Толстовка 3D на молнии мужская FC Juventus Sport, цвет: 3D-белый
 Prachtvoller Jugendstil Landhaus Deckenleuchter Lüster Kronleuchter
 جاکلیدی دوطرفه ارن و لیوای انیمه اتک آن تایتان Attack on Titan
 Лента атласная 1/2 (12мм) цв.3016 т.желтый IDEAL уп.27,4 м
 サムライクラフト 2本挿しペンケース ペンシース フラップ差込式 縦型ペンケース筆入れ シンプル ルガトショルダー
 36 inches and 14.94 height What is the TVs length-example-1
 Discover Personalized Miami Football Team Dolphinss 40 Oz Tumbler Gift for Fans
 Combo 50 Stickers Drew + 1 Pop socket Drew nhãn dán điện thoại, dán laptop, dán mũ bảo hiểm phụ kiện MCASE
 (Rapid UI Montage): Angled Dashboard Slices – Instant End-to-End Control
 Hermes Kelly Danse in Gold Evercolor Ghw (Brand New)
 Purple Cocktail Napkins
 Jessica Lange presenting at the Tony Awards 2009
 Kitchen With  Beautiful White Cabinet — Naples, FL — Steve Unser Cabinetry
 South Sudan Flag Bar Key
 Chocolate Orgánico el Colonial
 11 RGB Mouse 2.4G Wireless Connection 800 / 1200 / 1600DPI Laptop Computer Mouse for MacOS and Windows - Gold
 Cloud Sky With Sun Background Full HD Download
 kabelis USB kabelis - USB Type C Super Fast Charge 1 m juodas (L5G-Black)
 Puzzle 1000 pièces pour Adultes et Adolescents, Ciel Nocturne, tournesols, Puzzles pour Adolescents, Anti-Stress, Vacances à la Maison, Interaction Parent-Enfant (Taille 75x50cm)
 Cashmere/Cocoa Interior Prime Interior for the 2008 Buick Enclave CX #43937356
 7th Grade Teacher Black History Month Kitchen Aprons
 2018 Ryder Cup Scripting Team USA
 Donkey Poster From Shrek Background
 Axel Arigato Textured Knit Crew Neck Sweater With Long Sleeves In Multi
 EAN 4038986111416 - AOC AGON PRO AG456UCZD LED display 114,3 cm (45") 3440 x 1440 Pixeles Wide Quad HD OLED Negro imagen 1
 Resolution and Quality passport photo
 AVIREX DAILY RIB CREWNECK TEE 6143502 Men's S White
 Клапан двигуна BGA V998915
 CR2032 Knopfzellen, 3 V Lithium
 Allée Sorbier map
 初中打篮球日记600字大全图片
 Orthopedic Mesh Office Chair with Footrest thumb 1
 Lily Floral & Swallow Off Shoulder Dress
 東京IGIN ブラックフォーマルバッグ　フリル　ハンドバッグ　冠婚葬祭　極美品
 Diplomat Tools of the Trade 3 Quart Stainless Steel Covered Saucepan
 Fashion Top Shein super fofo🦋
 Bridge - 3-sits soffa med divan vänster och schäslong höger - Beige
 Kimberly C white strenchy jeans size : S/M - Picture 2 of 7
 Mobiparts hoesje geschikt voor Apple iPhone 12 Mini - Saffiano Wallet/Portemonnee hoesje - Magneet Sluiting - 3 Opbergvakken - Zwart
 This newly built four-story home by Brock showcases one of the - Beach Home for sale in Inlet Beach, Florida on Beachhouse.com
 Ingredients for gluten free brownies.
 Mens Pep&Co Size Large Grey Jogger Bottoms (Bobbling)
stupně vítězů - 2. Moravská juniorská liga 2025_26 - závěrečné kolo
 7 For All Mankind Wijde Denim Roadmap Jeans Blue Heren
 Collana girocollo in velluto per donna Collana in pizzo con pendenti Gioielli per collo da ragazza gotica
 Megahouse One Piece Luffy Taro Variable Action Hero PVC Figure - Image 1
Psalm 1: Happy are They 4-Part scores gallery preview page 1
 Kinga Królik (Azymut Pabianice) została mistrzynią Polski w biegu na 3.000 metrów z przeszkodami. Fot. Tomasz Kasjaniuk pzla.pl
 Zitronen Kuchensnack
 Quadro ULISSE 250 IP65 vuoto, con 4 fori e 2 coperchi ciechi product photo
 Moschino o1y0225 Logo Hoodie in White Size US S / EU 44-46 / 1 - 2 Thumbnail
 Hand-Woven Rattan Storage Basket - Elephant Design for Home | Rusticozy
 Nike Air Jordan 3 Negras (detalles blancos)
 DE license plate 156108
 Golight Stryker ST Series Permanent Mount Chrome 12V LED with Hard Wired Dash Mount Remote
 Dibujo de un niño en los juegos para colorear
════════════════════
**Your instructions:**
Identify each line in the entries with the word "Team" and copy it.

**Reply to the task:**
 Discover Personalized Miami Football Team Dolphinss 40 Oz Tumbler Gift for Fans
 2018 Ryder Cup Scripting Team USA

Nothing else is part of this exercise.